In Mexico, kidnapping spirals out of control

The Christian Science MonitorDecember 16, 2008 

CHIHUAHUA CITY, Mexico — In a troubling sign of the growing sophistication and daring of kidnapping gangs in Mexico, gunmen have abducted an American anti-kidnapping expert in the northern state of Coahuila.

Felix Batista, a consultant who's negotiated the release of scores of victims throughout Latin America, was reportedly on business, offering ransom advice in the city of Saltillo, when he was grabbed from the sidewalk outside a restaurant.

Kidnapping has long plagued Mexico. On Monday, the country's human rights office released a report showing that between 2001 and 2008, there were 5,140 reported kidnappings. But up to three of four cases goes unreported, as Mexicans fear that authorities are, at best, unable to solve the problem, and at worst, are part of it.

Those who can afford it often turn to private security.
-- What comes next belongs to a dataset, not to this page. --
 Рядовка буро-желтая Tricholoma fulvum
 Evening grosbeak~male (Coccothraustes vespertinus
Yet the fact that a foreign kidnapping expert could fall victim is a sign to many Mexicans that security is as elusive as ever today.

Mr. Batista's abduction, which authorities said happened on Dec. 10, comes as officials confirmed the discovery of the body of a daughter of a former sports commissioner who disappeared in September 2007.
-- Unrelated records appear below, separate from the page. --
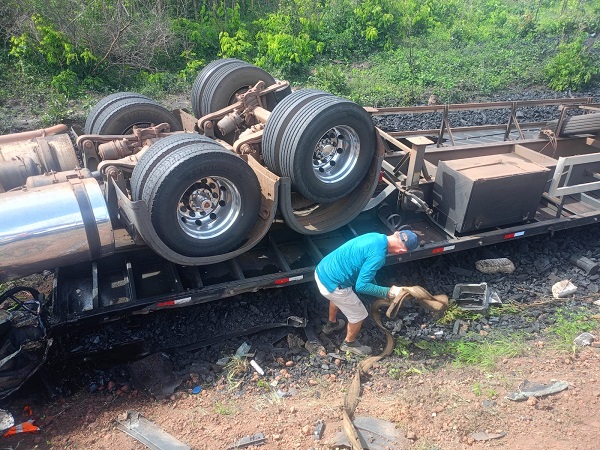 WhatsApp Image 2026 02 17 at 17.50.18 1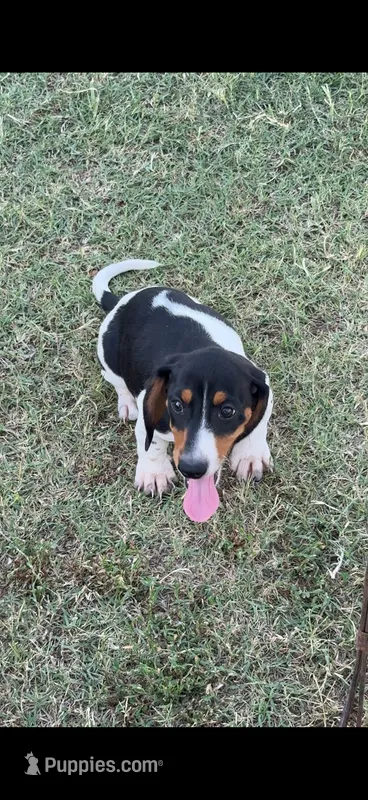Moose  – Miniature Dachshund puppy for sale in Chickasha, OK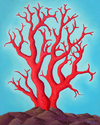 RED CORAL RED%20CORAL (thumbnail)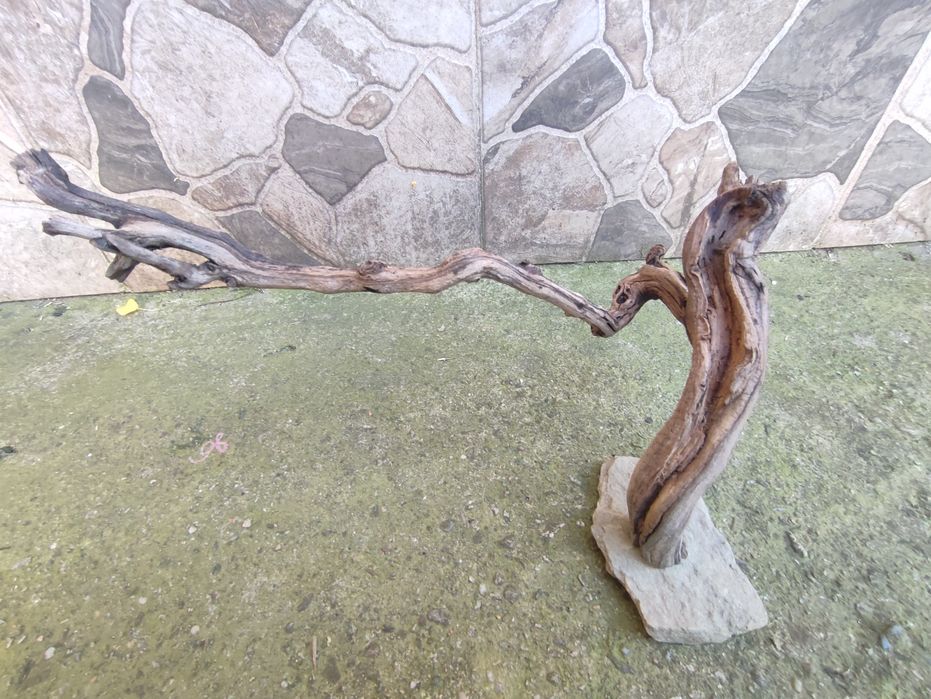 Decorațiuni acvariu - terariu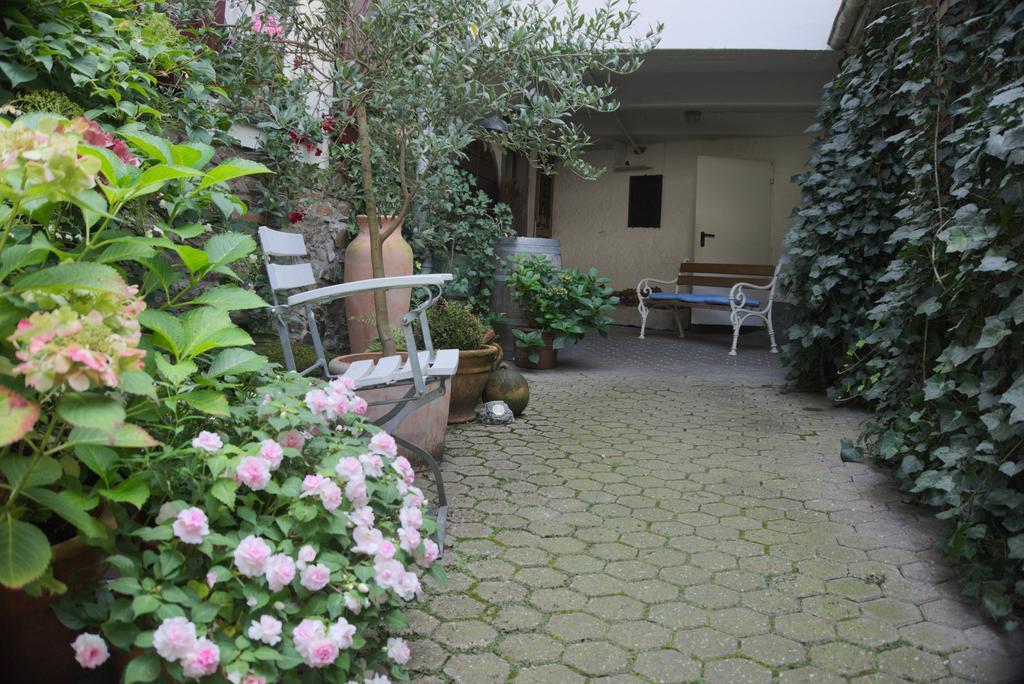 Hotel Garni Altes Winzerhaus Moselschaenke コーバン・ゴンドルフ エクステリア 写真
Mexicans have responded with outrage to kidnapping and violence that has spiraled out of control as Mexican President Felipe Calderon has dispatched troops and authorities to stem drug-related violence. This year, the number of deaths related to drug violence has doubled from last year, to more than 5,300. Earlier this year, more than 100,000 marched across Mexico City after the abducted teenage son of another wealthy businessman was found dead in the trunk of a car.
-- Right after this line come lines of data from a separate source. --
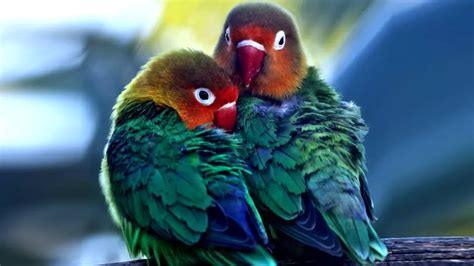 How Many Types Of Love Birds Fact About Lovebirds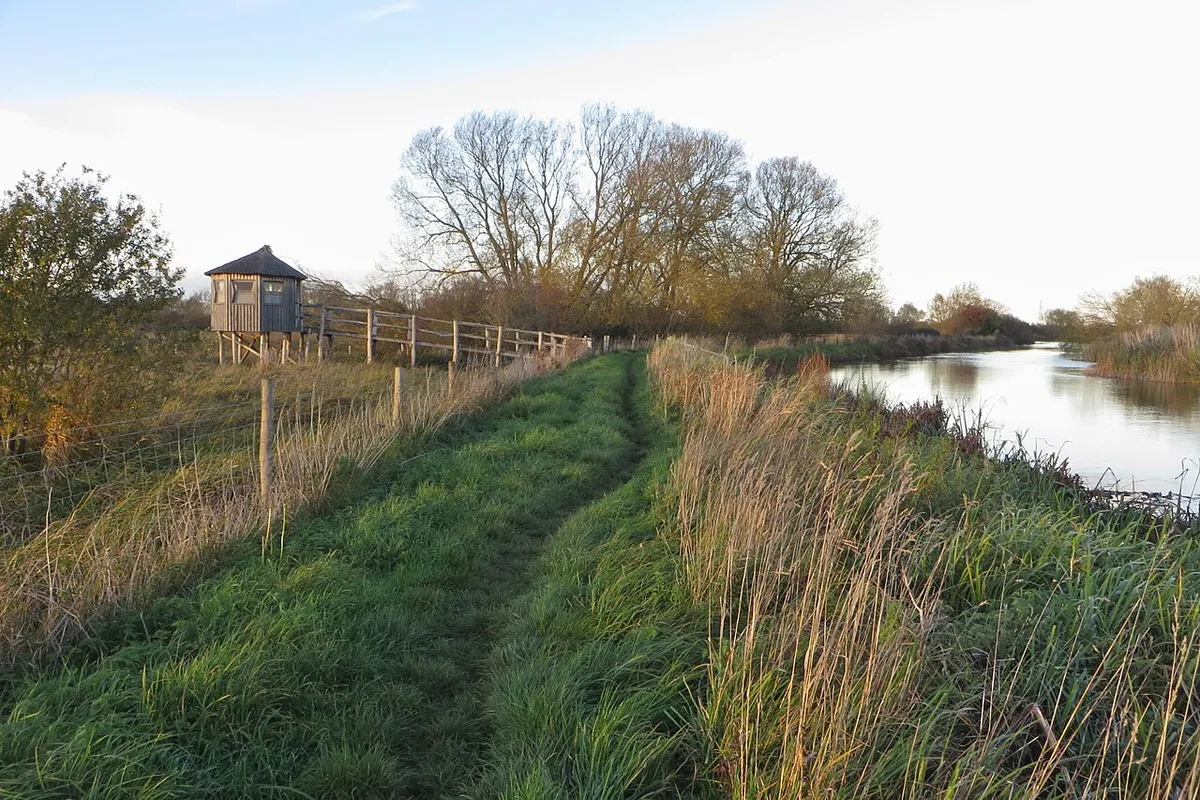 A hide by the Thames Path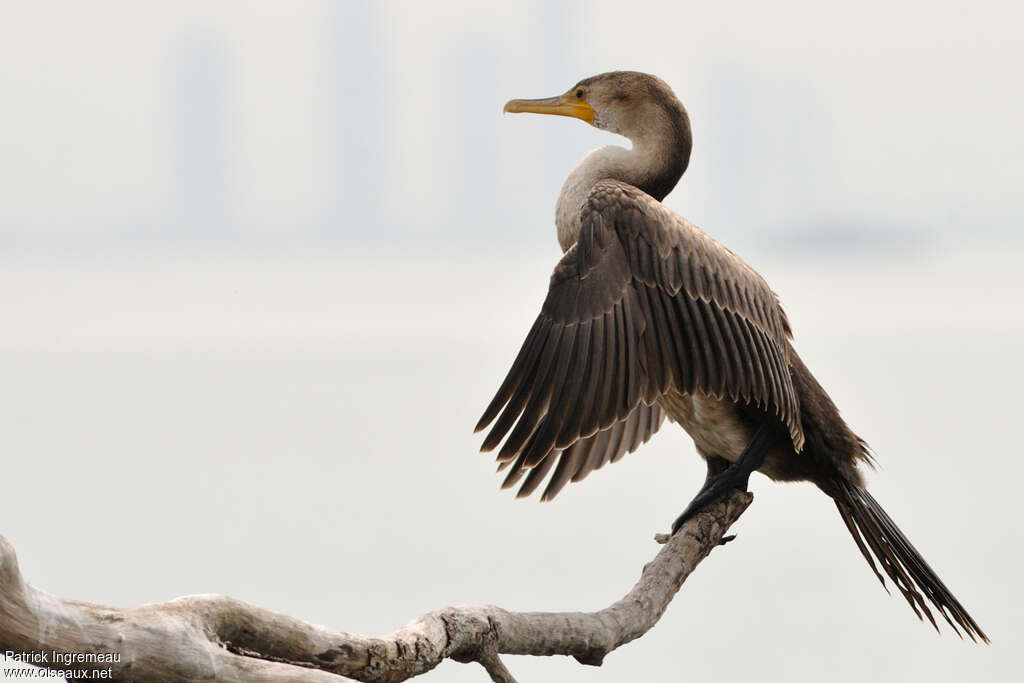 Neotropic Cormorantjuvenile, identification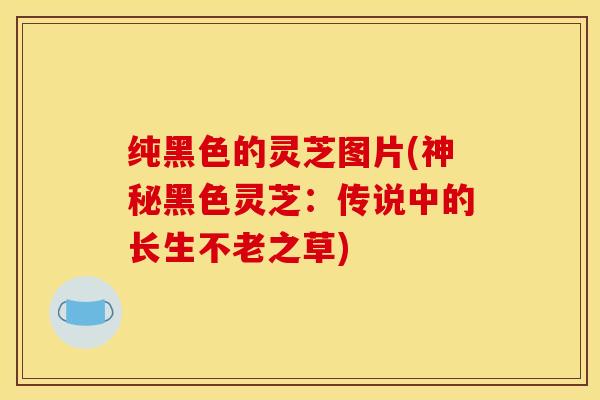 纯黑色的灵芝图片(神秘黑色灵芝：传说中的长生不老之草)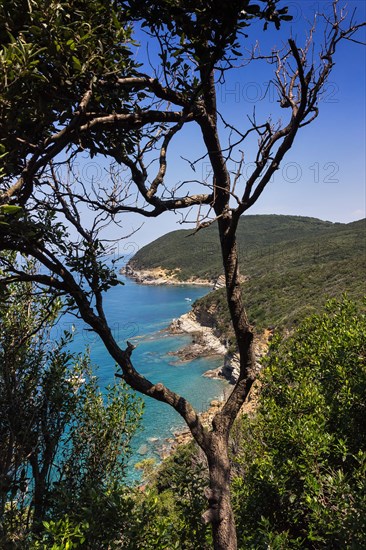 Medieval village of Populonia, Italy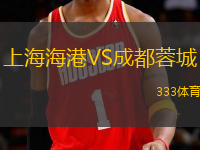 上海海港VS成都蓉城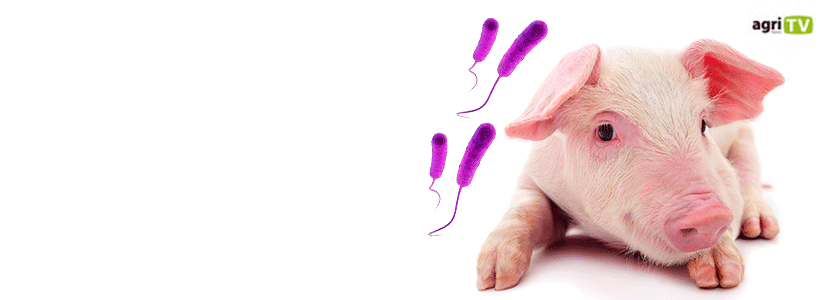 ¿Qué es la colibacilosis porcina y cómo detenerla?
Crime is the top concern of Mexicans. In a survey earlier this year by the polling firm Buendia & Laredo, 80 percent of respondents said they consider crime "very serious," up from 60 percent two years ago. A plurality also said that Mexico is losing the battle against drug-related violence.

Some politicians have responded by calling to reinstate the death penalty for kidnappers who kill their abductees. Earlier this year, Mr. Calderon held a meeting with governors to release a plan to stem kidnapping, including special prisons for kidnappers and rooting out police who collude with them.

Many security experts, however, do not see an overall strategy.

"It's mostly reactive to the pressures from the business community and families whose kids have been abducted," says Edgardo Buscaglia, a visiting professor of law and economics at the Mexico Autonomous Institute of Technology. "It's not part of an overall protocol to make sure you prevent corruption within the police."

In a separate report released Monday, the U.S. Justice Department said that Mexican traffickers, partnering with smuggling groups and networks in the U.S., have become the country's biggest organized crime menace.

"Mexican drug-trafficking organizations represent the greatest organized crime threat to the United States," says the report. "The influence of Mexican drug-trafficking organizations over domestic drug trafficking is unrivaled."